Football Squad Study Room
The Ohio Military Institute began in 1890 and was located At 5553 Belmont Avenue in College Hill on the land of the old Farmers' College. The only building remaining of the college was the original building known as Cary Hall. The school constructed a new building, Belmont Hall, beside it and later added a gym, parade grounds and another hall. The Institute operated for 68 years, sending boys to Annapolis and West Point plus colleges and universities around the country. .

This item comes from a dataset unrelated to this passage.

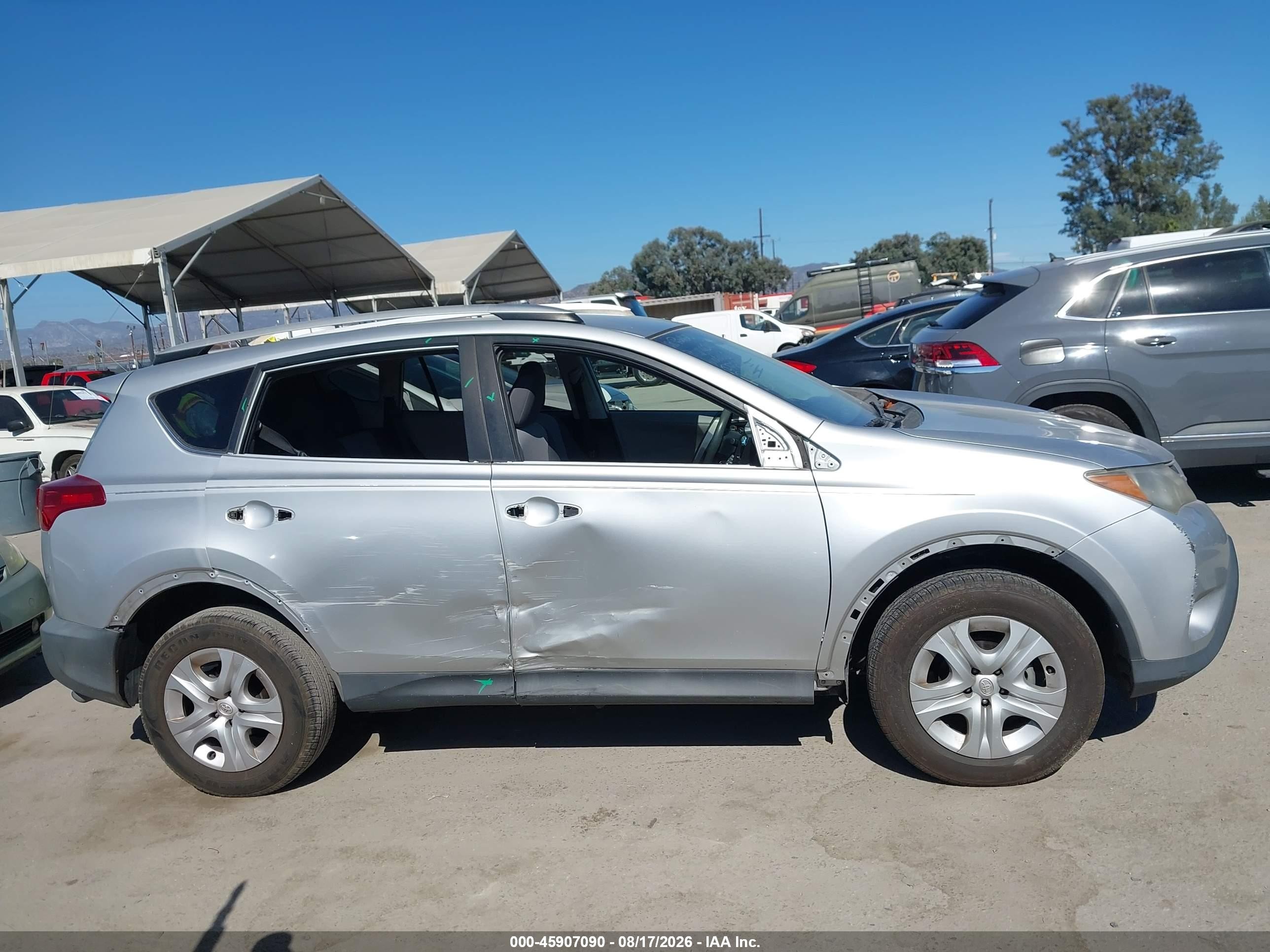 2013 Toyota Rav4 Le Silver vin: 2T3ZFREV8DW005754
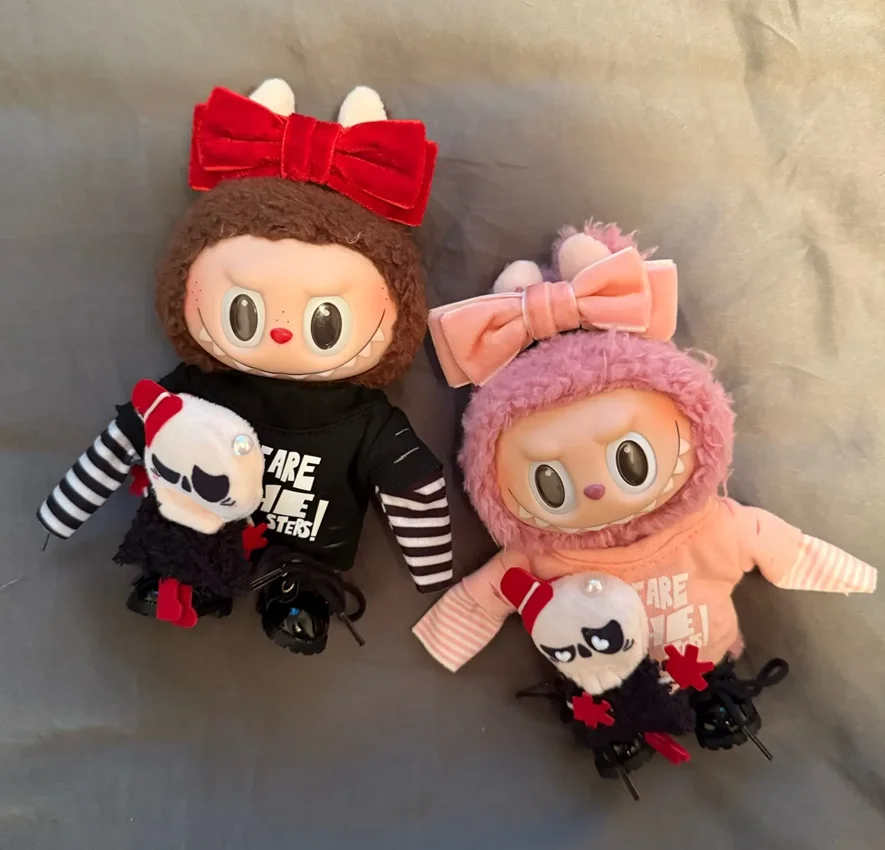 Only For Labu Clothes 17cm Doll Clothes Valentine’S Day Outfit For 17cm Collectible Plush Toy Custom Handmade Lafufu Clothing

This card shows a room that has a pennant on the wall for the Nelson Business College which was on the corner of 7th and Elm Sts. A written note on the back states the room is at 1311 Elm St. which is one block North of the Music Hall. With the violin on his bed and with him holding a trumpet I believe he was actually going to the Cincinnati College of Music next door to the Music Hall. This was taken in 1911.
Marietta College Club
The Marietta College Club of Cincinnati started in 1855 making it the oldest college club in the entire west. It consists of graduates of Marietta living in Cincinnati and vicinity. Also those who have honorary degrees or even those who had attended classes or have been donors of funds to the college are eligible to honorary membership. This card is ca. 1917.